Southeast Asia’s second-largest economy is heavily reliant on international trade and is vulnerable to any global slowdown induced by the tariffs, even though it only faces a baseline 10% levy from US President Donald Trump.
While beating economists’ forecasts, the gross domestic product (GDP) growth for July-September was the slowest this year, according to trade ministry data. GDP grew 4.1% in the first quarter and 4.5% in the second.
Singapore’s export-driven manufacturing sector was flat year-on-year in the third quarter, compared with the 5.0% growth in the second quarter, according to the ministry.

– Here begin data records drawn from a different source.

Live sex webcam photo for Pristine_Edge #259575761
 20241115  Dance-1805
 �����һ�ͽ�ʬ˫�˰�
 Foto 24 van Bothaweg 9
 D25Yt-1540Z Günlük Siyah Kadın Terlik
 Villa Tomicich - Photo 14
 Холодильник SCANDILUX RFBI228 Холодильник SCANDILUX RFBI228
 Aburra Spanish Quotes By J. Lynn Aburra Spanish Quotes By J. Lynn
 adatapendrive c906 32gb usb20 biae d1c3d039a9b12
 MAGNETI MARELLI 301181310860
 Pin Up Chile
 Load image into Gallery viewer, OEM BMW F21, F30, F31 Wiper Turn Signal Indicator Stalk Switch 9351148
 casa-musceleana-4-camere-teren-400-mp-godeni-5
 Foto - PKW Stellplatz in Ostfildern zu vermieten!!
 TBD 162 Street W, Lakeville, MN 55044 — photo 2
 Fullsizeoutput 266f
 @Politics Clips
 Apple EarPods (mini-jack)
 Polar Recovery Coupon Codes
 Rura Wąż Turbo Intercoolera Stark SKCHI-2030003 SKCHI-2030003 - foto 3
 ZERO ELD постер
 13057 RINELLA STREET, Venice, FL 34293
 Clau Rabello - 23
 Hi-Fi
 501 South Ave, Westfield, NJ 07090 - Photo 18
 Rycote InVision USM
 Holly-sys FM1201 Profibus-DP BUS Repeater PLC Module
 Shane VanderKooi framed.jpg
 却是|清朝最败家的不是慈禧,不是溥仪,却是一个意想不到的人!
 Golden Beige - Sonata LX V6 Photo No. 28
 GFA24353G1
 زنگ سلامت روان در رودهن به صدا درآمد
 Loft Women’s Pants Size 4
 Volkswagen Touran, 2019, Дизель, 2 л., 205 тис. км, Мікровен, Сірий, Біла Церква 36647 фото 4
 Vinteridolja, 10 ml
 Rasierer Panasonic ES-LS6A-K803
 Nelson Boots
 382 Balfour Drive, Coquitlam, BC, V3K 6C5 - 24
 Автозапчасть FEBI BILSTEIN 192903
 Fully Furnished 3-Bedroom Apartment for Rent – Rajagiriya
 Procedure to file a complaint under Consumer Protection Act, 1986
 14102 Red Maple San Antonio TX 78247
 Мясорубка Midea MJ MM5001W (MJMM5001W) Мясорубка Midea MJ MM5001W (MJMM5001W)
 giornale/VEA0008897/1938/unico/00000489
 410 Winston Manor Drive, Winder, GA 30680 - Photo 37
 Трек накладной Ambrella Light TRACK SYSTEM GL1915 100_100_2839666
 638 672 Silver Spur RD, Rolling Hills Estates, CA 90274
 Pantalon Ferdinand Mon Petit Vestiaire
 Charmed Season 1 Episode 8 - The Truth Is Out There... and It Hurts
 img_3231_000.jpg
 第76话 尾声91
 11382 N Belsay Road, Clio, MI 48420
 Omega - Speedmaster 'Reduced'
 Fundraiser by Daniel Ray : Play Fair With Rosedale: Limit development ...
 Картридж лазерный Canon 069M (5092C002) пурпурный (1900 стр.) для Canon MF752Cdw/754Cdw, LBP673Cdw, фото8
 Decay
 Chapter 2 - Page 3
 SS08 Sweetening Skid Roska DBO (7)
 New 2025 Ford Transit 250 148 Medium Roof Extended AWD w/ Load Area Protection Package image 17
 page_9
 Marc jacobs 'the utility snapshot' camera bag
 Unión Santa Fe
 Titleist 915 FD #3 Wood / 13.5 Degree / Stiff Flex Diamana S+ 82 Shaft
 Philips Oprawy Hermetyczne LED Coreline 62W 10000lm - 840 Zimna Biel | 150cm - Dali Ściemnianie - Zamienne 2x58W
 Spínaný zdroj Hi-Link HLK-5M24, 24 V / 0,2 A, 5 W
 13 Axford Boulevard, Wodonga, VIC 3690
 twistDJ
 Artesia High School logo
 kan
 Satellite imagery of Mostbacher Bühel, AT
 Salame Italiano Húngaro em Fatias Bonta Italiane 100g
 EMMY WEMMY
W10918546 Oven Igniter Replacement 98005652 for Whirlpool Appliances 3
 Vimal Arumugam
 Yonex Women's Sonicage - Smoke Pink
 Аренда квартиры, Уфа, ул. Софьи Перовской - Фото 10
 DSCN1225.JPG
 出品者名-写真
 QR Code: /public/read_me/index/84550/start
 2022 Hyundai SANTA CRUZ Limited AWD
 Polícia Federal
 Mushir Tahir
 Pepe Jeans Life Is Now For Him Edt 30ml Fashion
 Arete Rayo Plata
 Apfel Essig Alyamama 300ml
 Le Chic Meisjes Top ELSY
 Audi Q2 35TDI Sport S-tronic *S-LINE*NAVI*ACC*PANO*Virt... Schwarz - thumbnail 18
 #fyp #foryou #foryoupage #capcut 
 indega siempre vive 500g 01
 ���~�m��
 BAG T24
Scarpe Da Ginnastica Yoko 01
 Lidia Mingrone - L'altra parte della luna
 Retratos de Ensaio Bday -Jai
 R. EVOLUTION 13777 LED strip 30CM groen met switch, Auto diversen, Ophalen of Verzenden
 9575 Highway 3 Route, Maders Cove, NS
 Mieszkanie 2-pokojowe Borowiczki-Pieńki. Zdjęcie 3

“Growth was weighed down by output declines in the biomedical manufacturing and general manufacturing cluster,” it said.
The preliminary GDP figures are based on economic performance in the first two months of the quarter and are subject to revision.
They reflect data released last month showing softer shipments to the city-state’s important export markets.
Singapore’s non-oil domestic exports shrank 11.3% in August, accelerating from the 4.7% fall in July.
Exports to the US tumbled nearly 29% in August, extending a 42.8% decline in July.
And exports to China tumbled 21.5%, steeper than the 12.3% decrease in July.
Singapore’s trade ministry in August raised its 2025 growth forecast to 1.5-2.5% from an earlier range of 0-2.0% but warned that global uncertainties remained.